The airport of departure and destination must appear on the air waybill as required by the LC. It is not a discrepancy if the IATA code for the airport is used instead of the full name of the airport.
If the LC allows for shipment to or from a geographical area or region, the actual airport used within that area or region must be shown on the air waybill.
Air waybills are not documents of title. Therefore, even if the LC requires a “to order of” air waybill, an air waybill marked “consigned to” will be accepted. An air waybill should not be issued drawn “to order of.”
If the LC does not indicate a notify party, the air waybill does not need to show a notify party or, if it does, any notify party will be acceptable.
The UCP 500 defines transshipment as the unloading and reloading of merchandise from one airplane to another. This would occur during the course of carriage from the airport of departure to the airport of arrival. In addition, if the letter of credit prohibits transshipment, it is allowed if the entire voyage is covered by one airway bill.
When the LC prohibits partial shipments and multiple air waybills are presented covering shipment from one or more airports of departure, no discrepancy should be called provided they cover the shipment on the same plane and the same flight and will arrive at the same airport of arrival.
When more than one air waybill is presented, it may be possible multiple ship dates will appear. If this is the case, the latest date of shipment will be considered the actual shipment date and would be used for the calculation of any presentation time period.
When shipment occurs using more than one plane—even if the planes leave on the same day for the same destination—it will be considered a partial shipment.
If there is a notation on the air waybill that indicates the goods or the packaging are defective, a bank will call a discrepancy. If a notation doesn’t indicate any kind of defect, then a discrepancy won’t be called.
he ISBP gives this example: an air waybill with the statement “packaging may not be sufficient for the air journey” is acceptable; an air waybill with the statement “packing is not sufficient for the air journey” is not acceptable.
Even though the LC may require a clean air waybill, the word “clean” would not have to appear on the document. If the word “clean” did appear but then was crossed off or deleted in some manner, the air waybill would still be acceptable as long as there is not a notation indicating the goods or packaging are defective.
The merchandise description that appears on the air waybill doesn’t have to be exactly as stated in the LC. If the goods are described in more general terms but are not inconsistent with the LC, it is acceptable.
Should a correction or alteration appear on the air waybill, either the carrier or their agent must authenticate it.
If a copy of the air waybill is presented, the copy does not need to be signed by the carrier or their agent, and any correction or alteration doesn’t need authentication.
The LC will typically indicate that the air freight is to be either collect or prepaid, and the air waybill must reflect this.
If the credit stipulates that it does not allow any cost in addition to the freight charges, the air waybill must not show any additional charges.
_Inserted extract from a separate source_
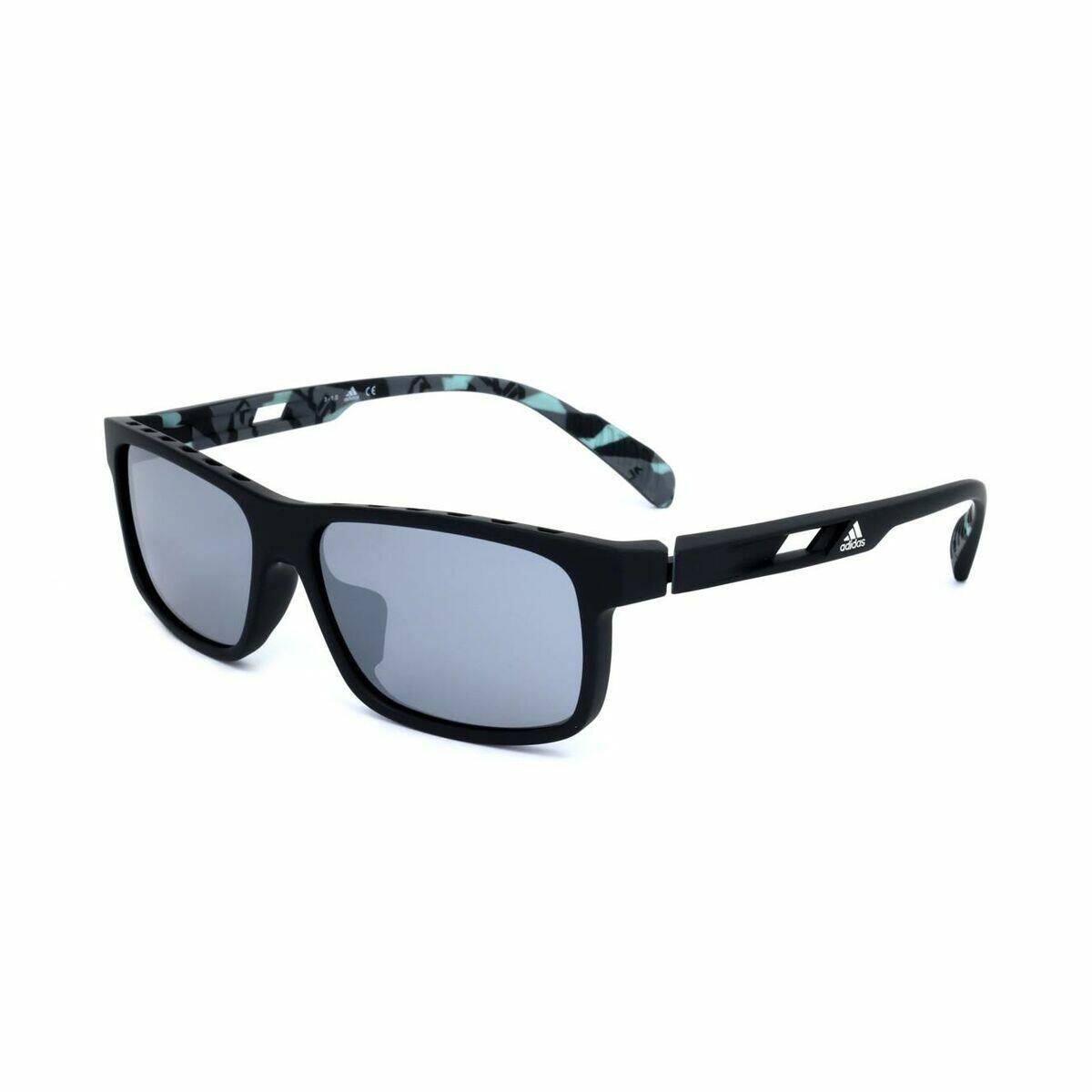 Lunettes de soleil Homme Adidas SP0023 2/3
This includes any references that would indicate the cost of loading or unloading the merchandise. It is acceptable, however, if there is a clause stating that there could be a fee charged if there is a delay in unloading the goods.
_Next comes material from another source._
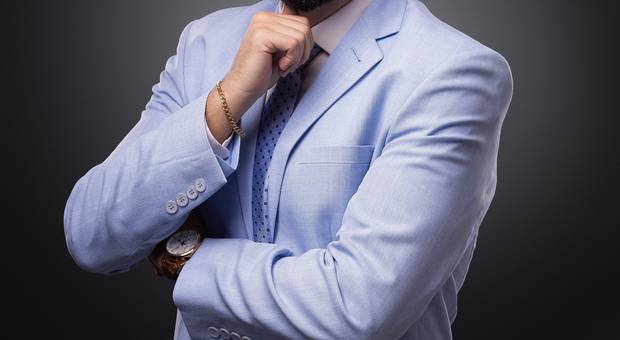 Retratos de Shooting Corporativo Cairo Augusto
If the air waybill has a place where freight charges, either prepaid or collect, may appear, it is acceptable if the LC requires freight prepaid for those charges to appear in the prepaid section of the air waybill. If the LC requires freight collect, it would be acceptable for those charges to appear in the collect section of the air waybill.
The requirements for road, rail or inland waterway bills of lading are very similar. If the credit requires one of these documents, the document that is presented will be accepted if the following conditions are met:
Again, the UCP 500 defines transshipment as the unloading and reloading from one means of conveyance to another using a different mode of transport, during the course of carriage, from the place of shipment to the place of destination as required by the LC.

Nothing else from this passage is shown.